Talia vociferans, gemitu tectum omne replebat…

« Cette inconvenante sortie philosophique, mon cher ami, n’était que pour amener une citation de Virgile, et j’aime à le citer ; c’est une manie que j’ai et dont vous avez dû déjà vous apercevoir.

D’ailleurs les vents s’apaisent,
Les voilà qui se taisent,

et je n’ai plus envie de mourir, Admirez l’éloquence du silence, après avoir reconnu le pouvoir des sons ! Le calme donc étant revenu, toutes mes croyance me sont rendues[1]. »

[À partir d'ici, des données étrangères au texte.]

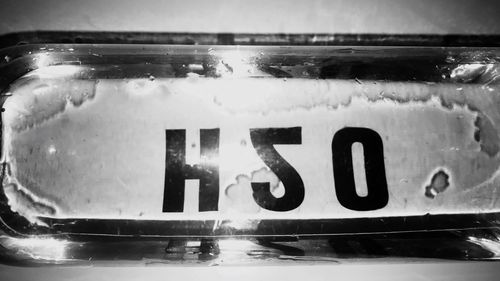 Close-up of text on water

Relisez ces lignes : la psychologie y déborde, une psychologie personnelle, directe, jaillissante, pour ainsi dire, et aboutissant toujours à donner à la nature extérieure des voix semblables ou tout au moins analogues à la nôtre. On entend, avec Berlioz, la voix du vent geindre, se lamenter, gémir, hurler, se perdre, revenir, chanter, parler même. Retranchons la parole, qui n’y est pas, la voix, qui y est, restera. Et Berlioz l’appelle de son nom. Or il s’agit ici du souffle orageux et des vents ossianiques. Comment douter encore que, lorsqu’ils « nous

  1. Les grotesques de la musique, pp. 294-296, Edit. de 1880. Calmann-Lévy.